Collected data entries
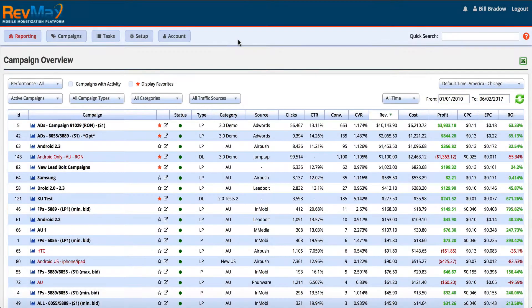Hi everyone and welcome to RevMax.com. In this video tutorial I want to give a brief overview of our self-hosted RevMax tracking platform. We've designed this self-hosted tracking platform for performance marketers, media buyers, and agencies that are all running campaigns focused on direct response or instant results or instant conversions.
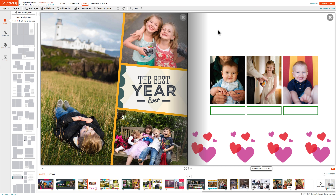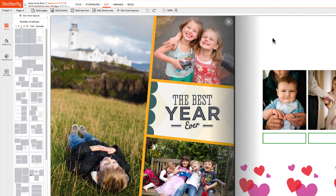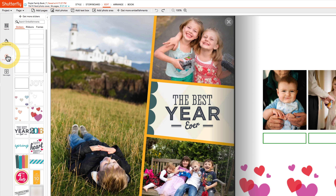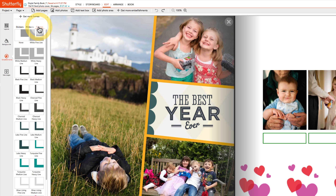Adding frames to photo boxes are a fun way to enhance your page design. Frames can be found in the embellishments section along with stickers and ribbons. Each style has a pre-curated selection of frames to use. You can add more by clicking on the Get More Frames link at the top of the menu.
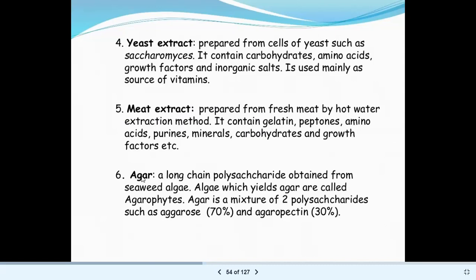Another important component of culture media is agar-agar. This agar powder is a long-chain polysaccharide and it acts as a solidifying agent in the nutrient media.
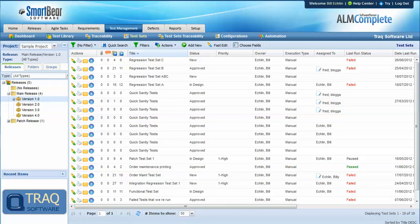It's well known that keeping track of results from test cases against builds, configurations, environments, etc. can become difficult to manage.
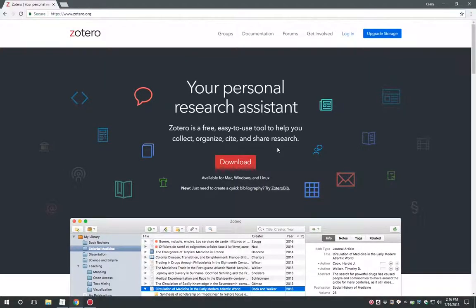Zotero is a free open source app that provides tools to enhance all aspects of your research workflow. It allows for quick automatic capture of citation information, tools to store, organize, and share research articles, and tools to automatically generate citations during the writing process.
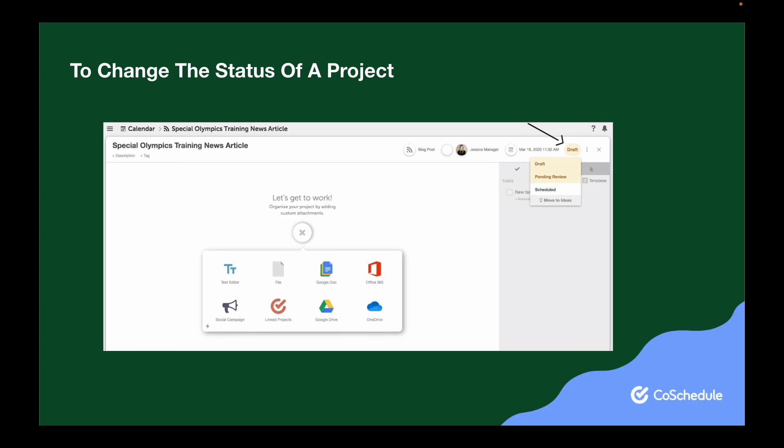To change the status of a project, click into a project and select a status from the drop-down menu in the upper right-hand corner of the project.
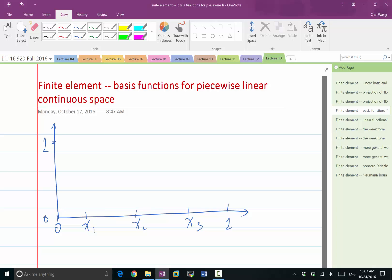For example, can we choose a function that is only non-zero within the first element, within the first interval? How can we construct a function that is piecewise linear, continuous, and only non-zero in the first interval? Just go from 1 back to 0 and stay 0 for the rest of the domain. That's a very good idea of constructing a function that is local. So let's keep this as our first function in our basis.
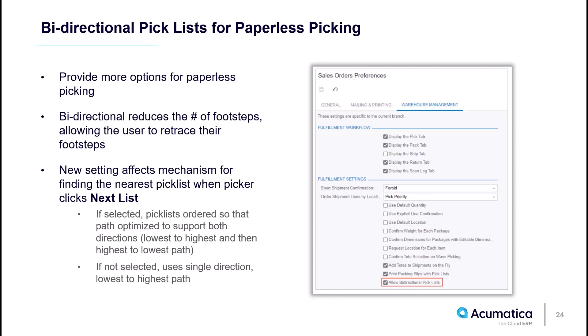This setting affects the mechanism for finding the nearest pick list when the picker clicks Next List. If selected, pick lists are ordered so that the path is optimized to support both directions, lowest to highest, and then highest to lowest path. If not selected, a single direction is used, which is lowest to highest path.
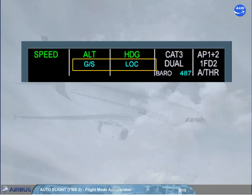The second line shows armed modes for the flight guidance system. In the example shown, GS and LOC in blue indicate that glide slope and localizer capture modes are armed.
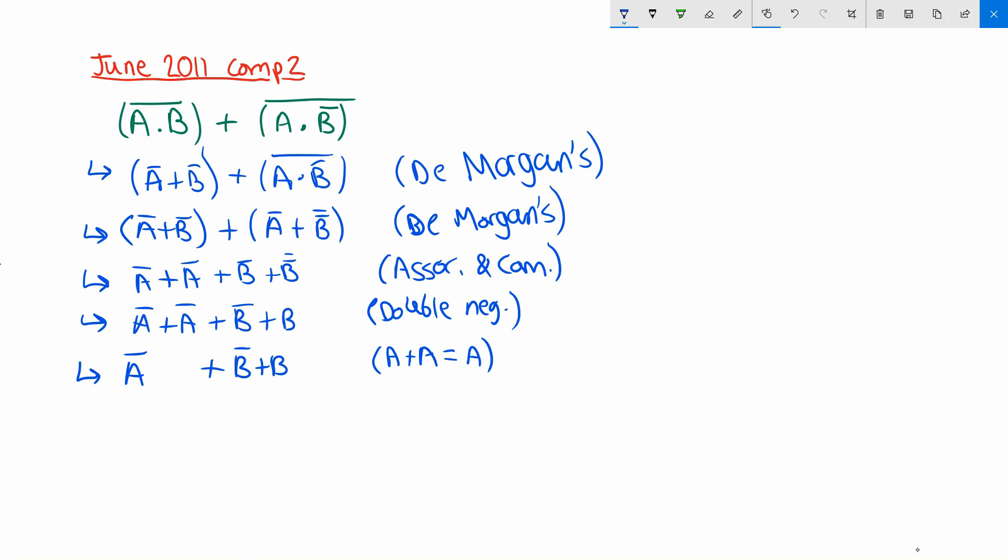Now I'm going to have a look at the b terms. I'm going to use the identity that anything or'd with not of itself is one. This is like saying either b is true or b is not true. Well obviously that's always going to be the case right? So that's why the answer is true there.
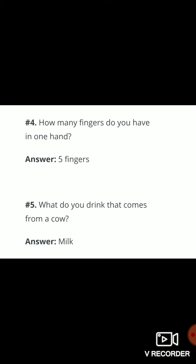Question number four: how many fingers do you have in one hand? The answer is five fingers. All of you, see your one hand and count the number of fingers — five fingers. Question number five: what do you drink that comes from a cow? The answer is milk.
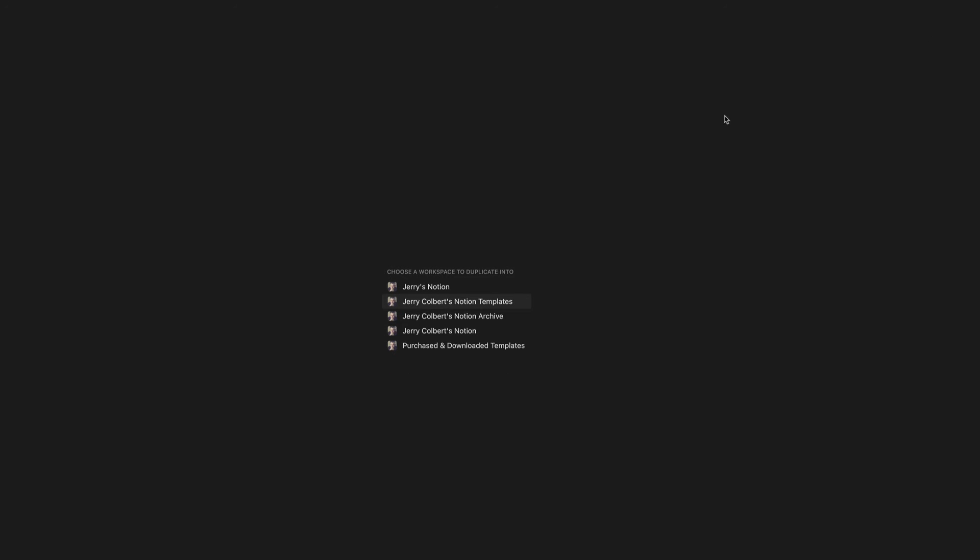It's going to bring up shortly this page. Now, as you see, I have many workspaces. You might just have one since you just started Notion. But really, you can pick any one of your workspaces and then just duplicate that template into your workspace.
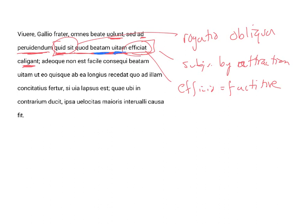As to all of that, caligant, they are in the dark, they're blind, they are enshrouded in mist, they don't know what it is that makes life happy. But everybody, omnes, desires to live happily.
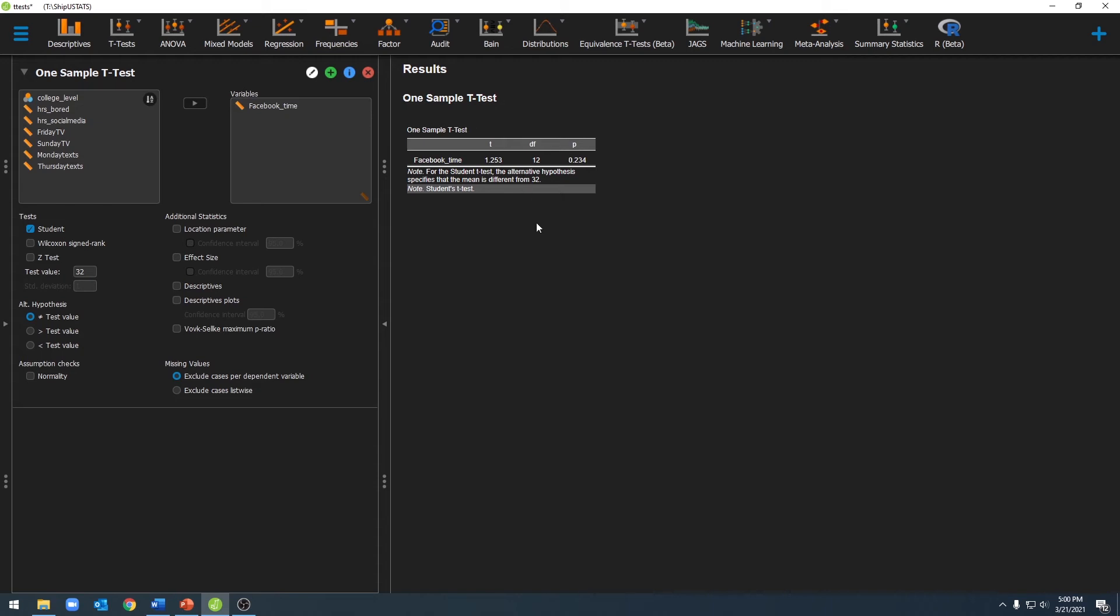But what about the world population? I happen to know that the world population spends 58 minutes on Facebook per day. Once I enter that, I'll see a new t-value, and we'll see that it is a statistically significant difference.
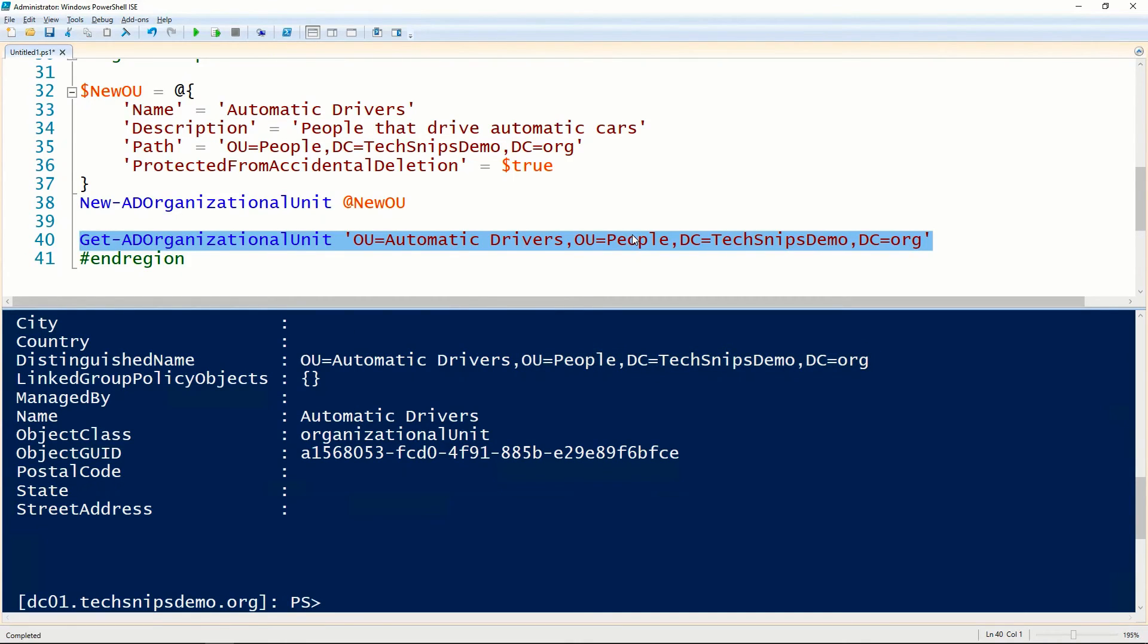That is how you create a new organizational unit in Active Directory using PowerShell.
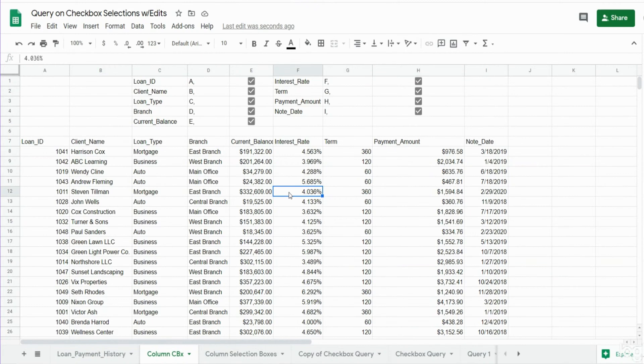In this lesson we're going to talk about creating a query in Google Sheets where the column selections in your query output are driven by checkbox selections.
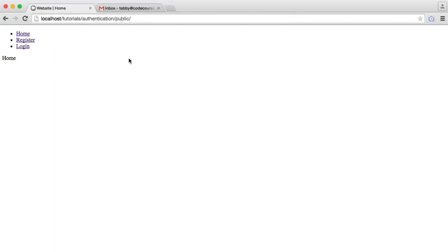We're now going to focus on another security concern for our application, and that is cross-site request forgery. I'm going to briefly explain what it is, but I'd highly recommend you look it up and find out exactly why it's important and why it's needed. Cross-site request forgery is the ability for someone to redirect you or submit something as you to perform an action on a website that was not intended.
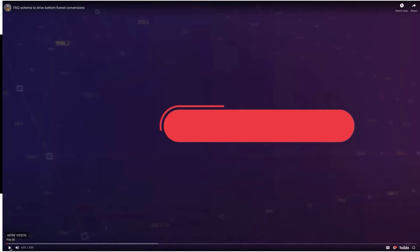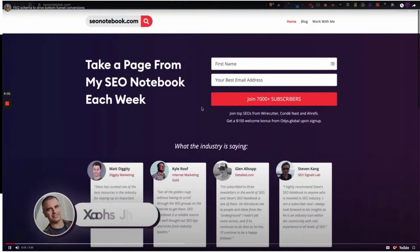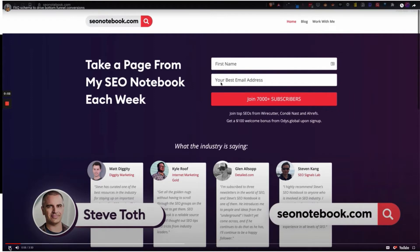Let's take a look. [Video plays] 'Hey, this is Steve Toth from SEO Notebook where I email tips like this each...' For anybody listening, it's literally a lower third that comes in on the bottom left of the screen — it's his headshot and his name, and that's all it is. It'll swipe off as he gets into the tutorial, and at the end it'll come back on. A very effective way to have your face on the video without being on camera.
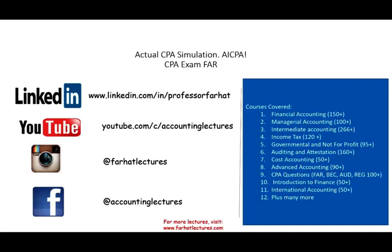Hello, and welcome to this session. This is Professor Farhat. In this session, we would look at an actual CPA simulation that was released by the AICPA. This is the real deal. This is what an actual simulation would look like on the exam day. Specifically, we're going to be looking at a FAR CPA simulation.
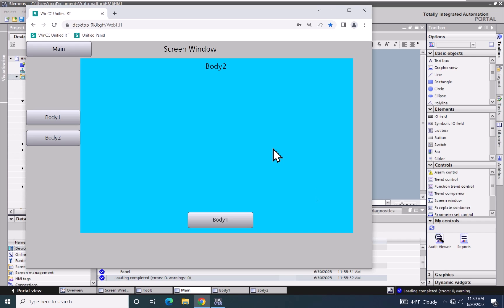So in this lesson, I covered basic screen navigation in WinCC Unified.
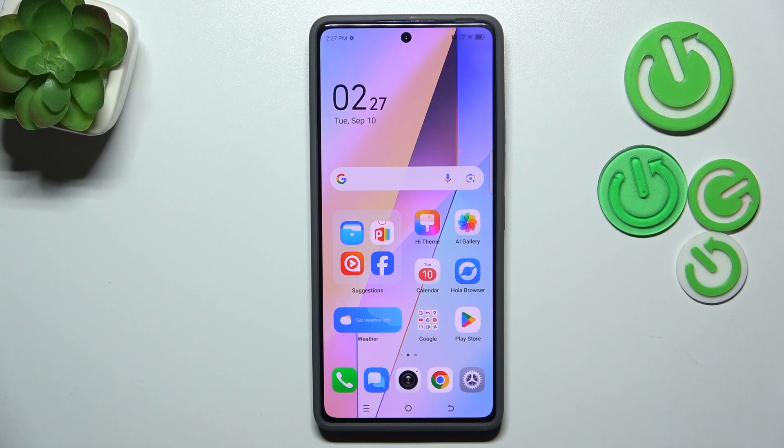Hi everyone. In front of me I've got the Technopova 6 Pro, and let me share with you how to change the system language on this device.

▶ [DESCRIPTION OF THE TASK]: Lines wanted from the entries above: the one with "It's going to", the one with "Let's take a", and all lines between. Please copy them exactly, without the pictures and without anything else.

▶ [SOLUTION FOR THIS EXERCISE]:
It's going to bring up shortly this page. Now, as you see, I have many workspaces. You might just have one since you just started Notion. But really, you can pick any one of your workspaces and then just duplicate that template into your workspace.
As to all of that, caligant, they are in the dark, they're blind, they are enshrouded in mist, they don't know what it is that makes life happy. But everybody, omnes, desires to live happily.
But what about the world population? I happen to know that the world population spends 58 minutes on Facebook per day. Once I enter that, I'll see a new t-value, and we'll see that it is a statistically significant difference.
That is how you create a new organizational unit in Active Directory using PowerShell.
In this lesson we're going to talk about creating a query in Google Sheets where the column selections in your query output are driven by checkbox selections.
We're now going to focus on another security concern for our application, and that is cross-site request forgery. I'm going to briefly explain what it is, but I'd highly recommend you look it up and find out exactly why it's important and why it's needed. Cross-site request forgery is the ability for someone to redirect you or submit something as you to perform an action on a website that was not intended.
Let's take a look. [Video plays] 'Hey, this is Steve Toth from SEO Notebook where I email tips like this each...' For anybody listening, it's literally a lower third that comes in on the bottom left of the screen — it's his headshot and his name, and that's all it is. It'll swipe off as he gets into the tutorial, and at the end it'll come back on. A very effective way to have your face on the video without being on camera.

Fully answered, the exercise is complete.